Goal of the exercise >>
Output begins at the line with "Gartentisch 190x90x75 cm" and ends at the last line of the records below. Copy each line in that span exactly, and leave out pictures.

(Beginning of Input for this task)

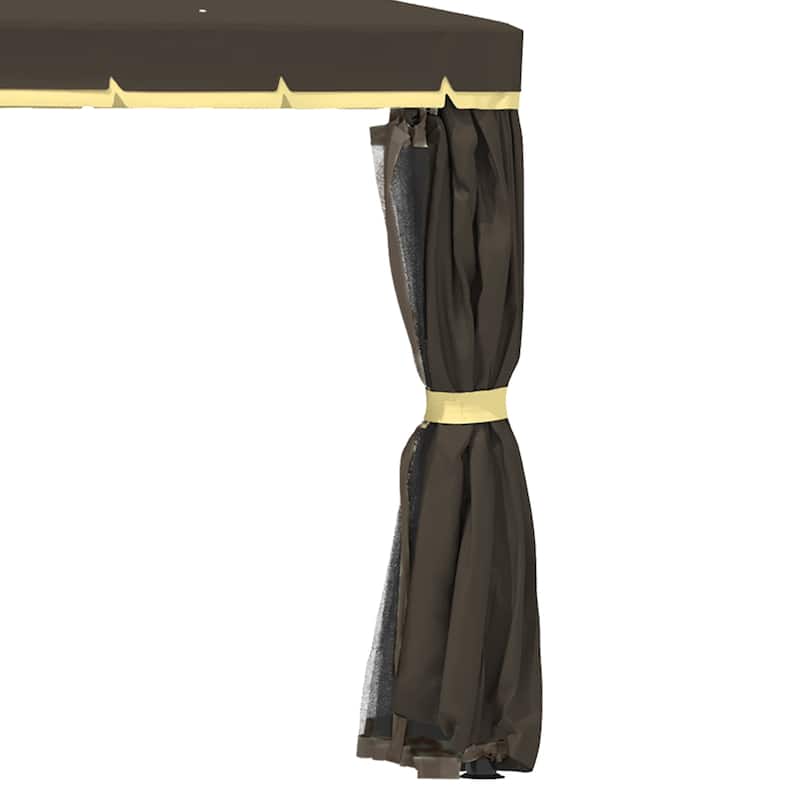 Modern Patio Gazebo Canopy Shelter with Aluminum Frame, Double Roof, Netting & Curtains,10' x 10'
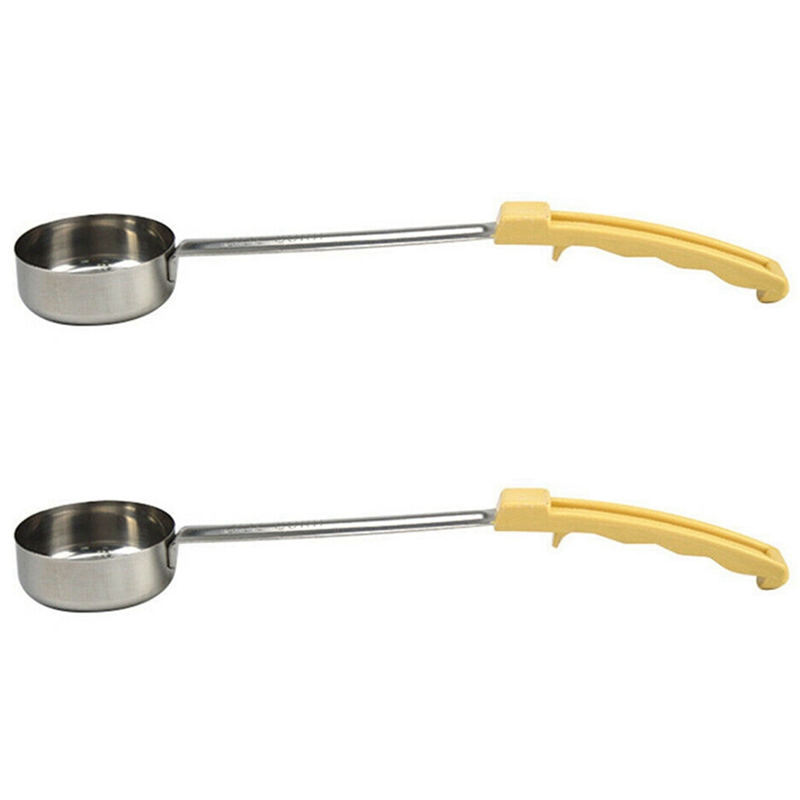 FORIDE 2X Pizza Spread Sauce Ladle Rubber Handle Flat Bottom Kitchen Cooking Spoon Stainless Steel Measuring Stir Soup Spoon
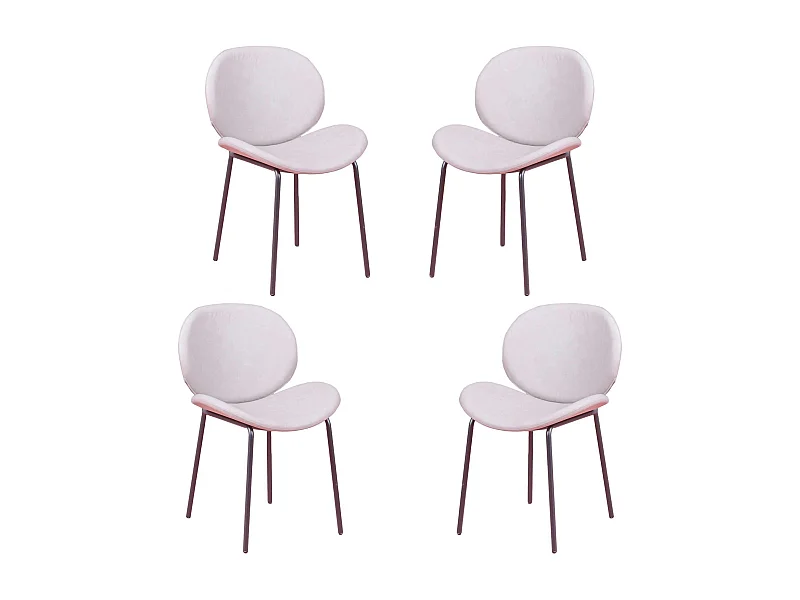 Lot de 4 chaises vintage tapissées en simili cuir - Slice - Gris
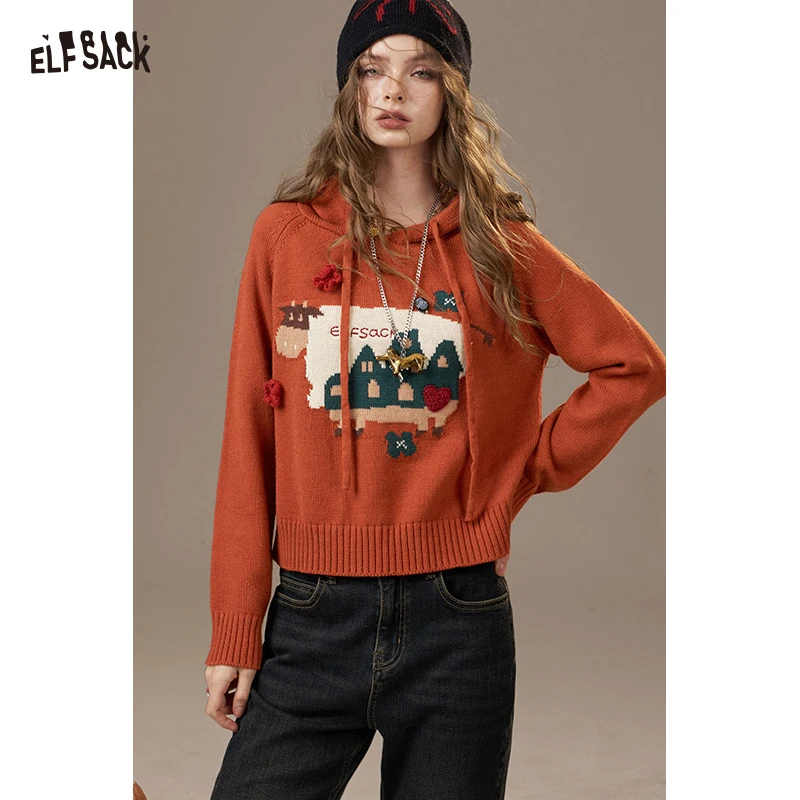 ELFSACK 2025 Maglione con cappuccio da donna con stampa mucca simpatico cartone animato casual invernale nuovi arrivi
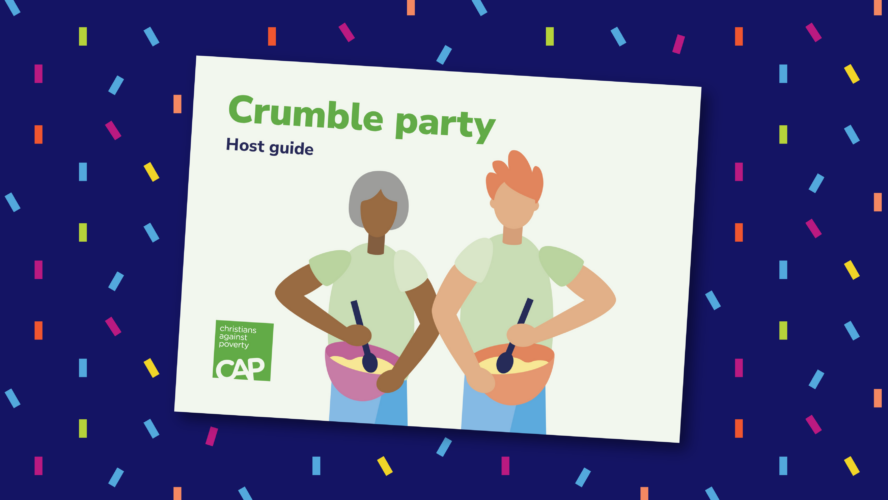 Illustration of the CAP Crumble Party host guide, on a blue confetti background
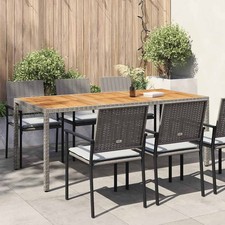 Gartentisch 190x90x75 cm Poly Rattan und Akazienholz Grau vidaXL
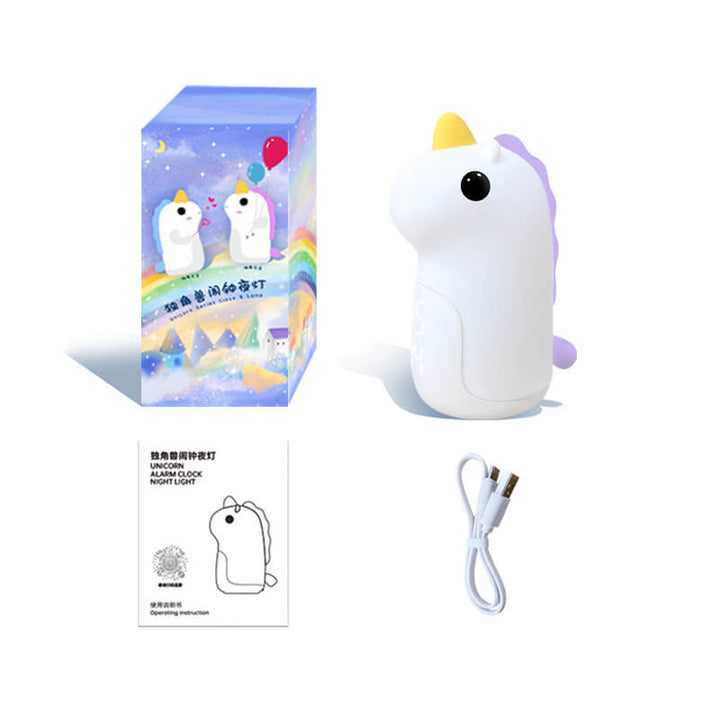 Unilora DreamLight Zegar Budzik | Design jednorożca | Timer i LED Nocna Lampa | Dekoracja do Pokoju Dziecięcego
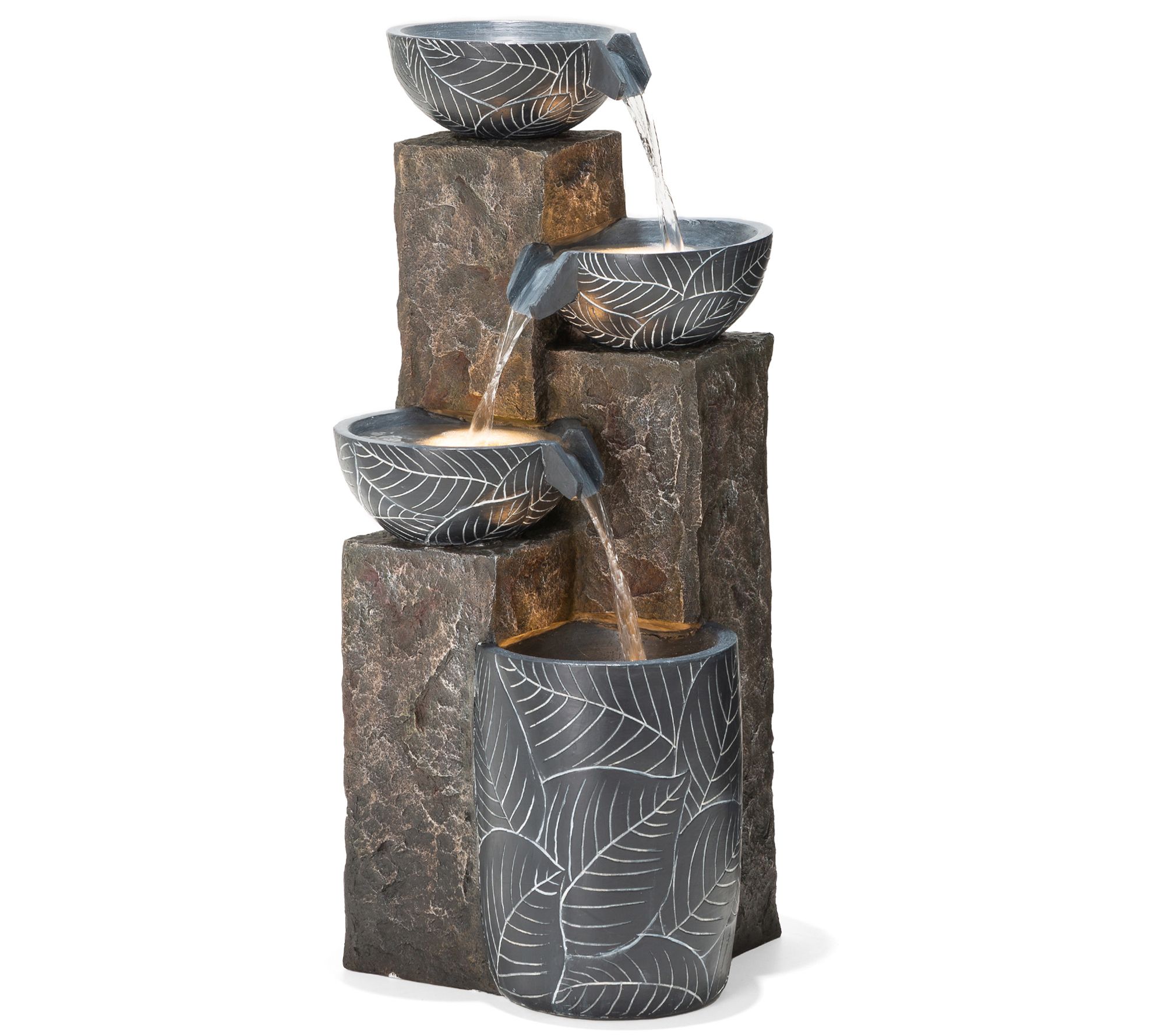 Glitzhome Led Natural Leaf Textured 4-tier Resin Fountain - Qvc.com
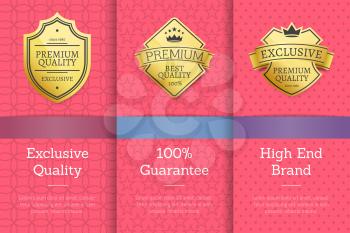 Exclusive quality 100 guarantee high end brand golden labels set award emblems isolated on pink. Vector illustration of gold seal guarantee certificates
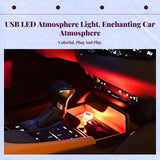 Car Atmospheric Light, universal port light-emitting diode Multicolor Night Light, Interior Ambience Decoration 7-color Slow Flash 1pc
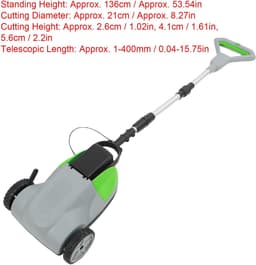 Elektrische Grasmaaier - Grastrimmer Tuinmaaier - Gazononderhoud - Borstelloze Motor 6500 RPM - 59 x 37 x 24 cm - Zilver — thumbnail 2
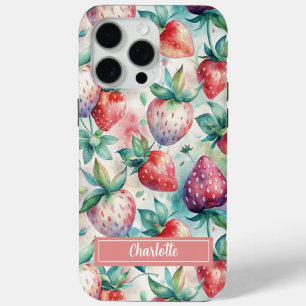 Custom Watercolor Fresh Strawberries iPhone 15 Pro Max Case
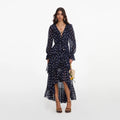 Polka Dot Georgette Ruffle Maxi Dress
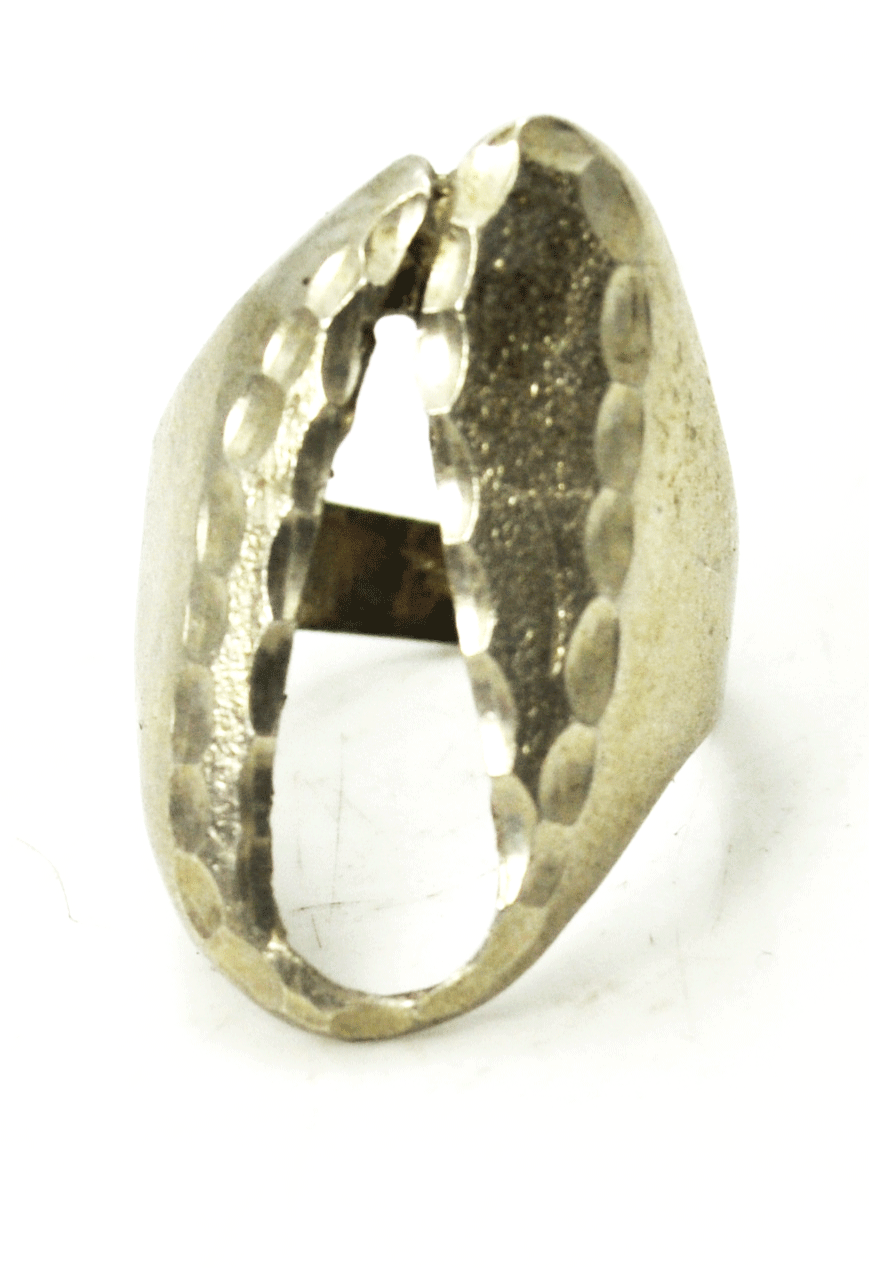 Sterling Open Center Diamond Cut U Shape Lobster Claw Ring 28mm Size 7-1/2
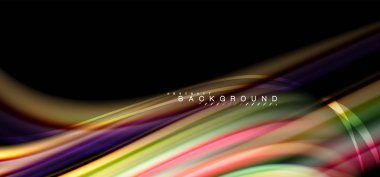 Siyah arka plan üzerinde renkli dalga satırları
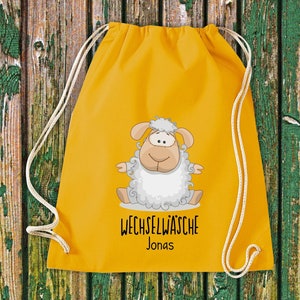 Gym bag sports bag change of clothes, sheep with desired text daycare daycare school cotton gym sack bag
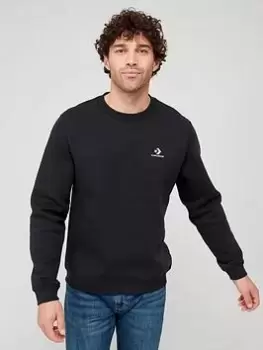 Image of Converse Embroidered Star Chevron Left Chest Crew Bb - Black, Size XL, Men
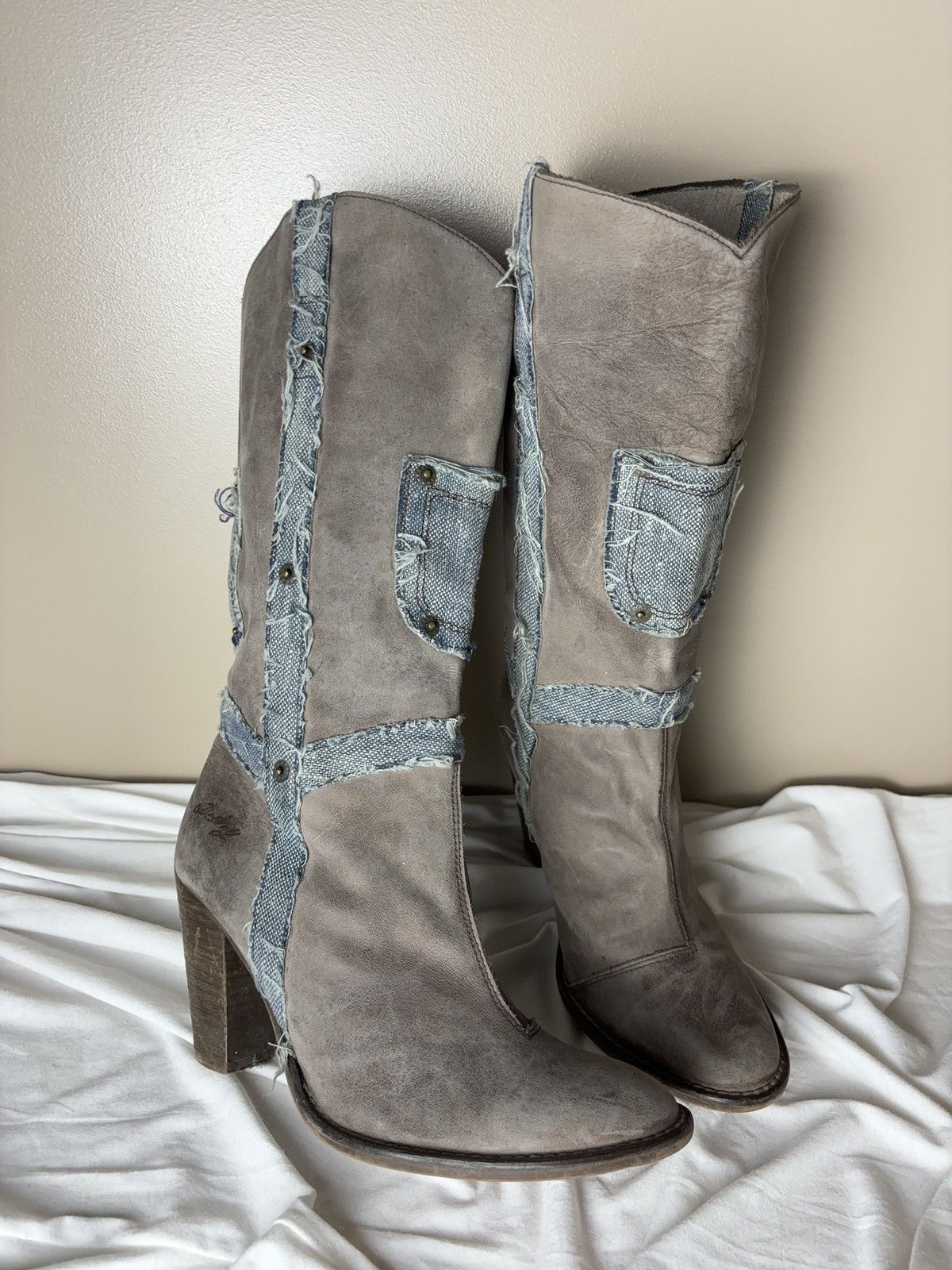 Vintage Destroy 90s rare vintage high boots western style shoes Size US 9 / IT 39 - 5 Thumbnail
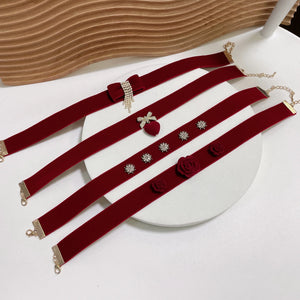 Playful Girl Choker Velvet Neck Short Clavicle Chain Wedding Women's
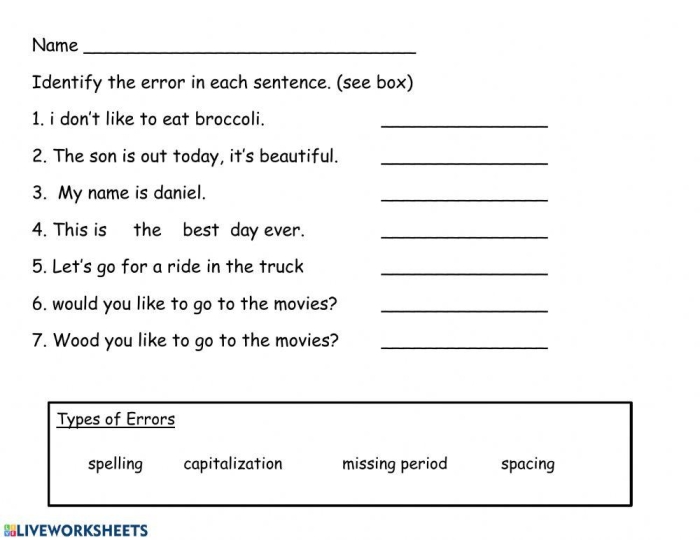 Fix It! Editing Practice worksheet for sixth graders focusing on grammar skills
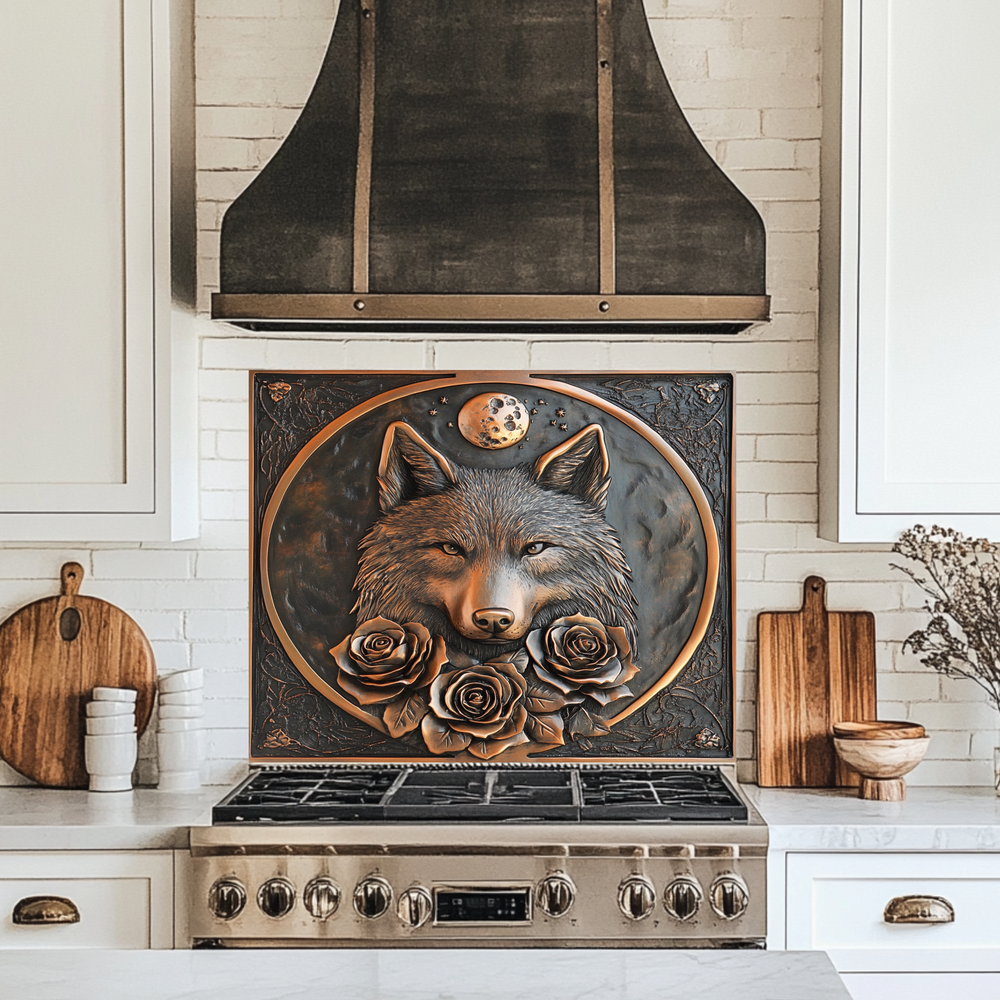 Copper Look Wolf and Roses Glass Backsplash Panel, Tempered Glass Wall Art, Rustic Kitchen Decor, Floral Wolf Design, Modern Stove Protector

(End of Input for this task)

Answer space >>
 Gartentisch 190x90x75 cm Poly Rattan und Akazienholz Grau vidaXL
 Unilora DreamLight Zegar Budzik | Design jednorożca | Timer i LED Nocna Lampa | Dekoracja do Pokoju Dziecięcego
 Glitzhome Led Natural Leaf Textured 4-tier Resin Fountain - Qvc.com
 Exclusive quality 100 guarantee high end brand golden labels set award emblems isolated on pink. Vector illustration of gold seal guarantee certificates
 Car Atmospheric Light, universal port light-emitting diode Multicolor Night Light, Interior Ambience Decoration 7-color Slow Flash 1pc
 Elektrische Grasmaaier - Grastrimmer Tuinmaaier - Gazononderhoud - Borstelloze Motor 6500 RPM - 59 x 37 x 24 cm - Zilver — thumbnail 2
 Custom Watercolor Fresh Strawberries iPhone 15 Pro Max Case
 Polka Dot Georgette Ruffle Maxi Dress
 Sterling Open Center Diamond Cut U Shape Lobster Claw Ring 28mm Size 7-1/2
 Siyah arka plan üzerinde renkli dalga satırları
 Gym bag sports bag change of clothes, sheep with desired text daycare daycare school cotton gym sack bag
 Image of Converse Embroidered Star Chevron Left Chest Crew Bb - Black, Size XL, Men
 Vintage Destroy 90s rare vintage high boots western style shoes Size US 9 / IT 39 - 5 Thumbnail
 Playful Girl Choker Velvet Neck Short Clavicle Chain Wedding Women's
 Fix It! Editing Practice worksheet for sixth graders focusing on grammar skills
 Copper Look Wolf and Roses Glass Backsplash Panel, Tempered Glass Wall Art, Rustic Kitchen Decor, Floral Wolf Design, Modern Stove Protector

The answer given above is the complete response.